● **THE DATA**:
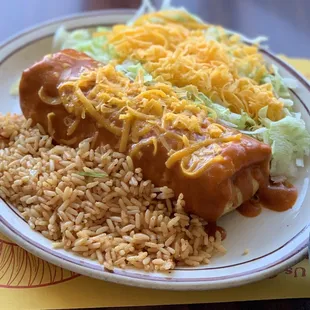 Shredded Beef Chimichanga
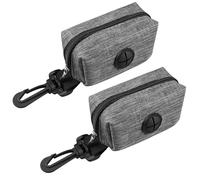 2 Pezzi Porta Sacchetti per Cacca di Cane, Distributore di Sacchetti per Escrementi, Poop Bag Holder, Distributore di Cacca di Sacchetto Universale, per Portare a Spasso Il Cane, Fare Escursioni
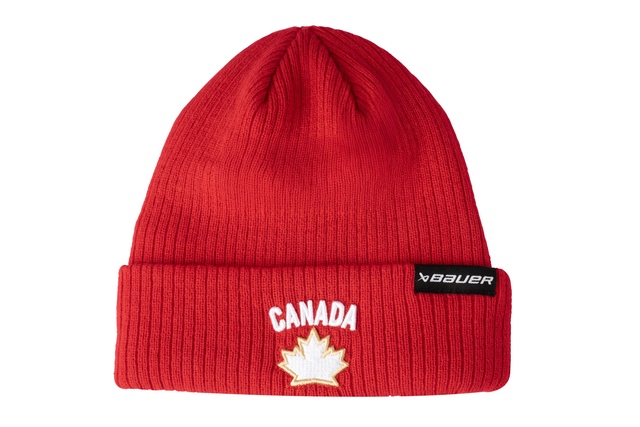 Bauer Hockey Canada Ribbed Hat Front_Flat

● **PROMPT**:
All of the material above is to be retyped verbatim, with its pictures omitted.

● **TASK OUTPUT**:
 Shredded Beef Chimichanga
 2 Pezzi Porta Sacchetti per Cacca di Cane, Distributore di Sacchetti per Escrementi, Poop Bag Holder, Distributore di Cacca di Sacchetto Universale, per Portare a Spasso Il Cane, Fare Escursioni
 Bauer Hockey Canada Ribbed Hat Front_Flat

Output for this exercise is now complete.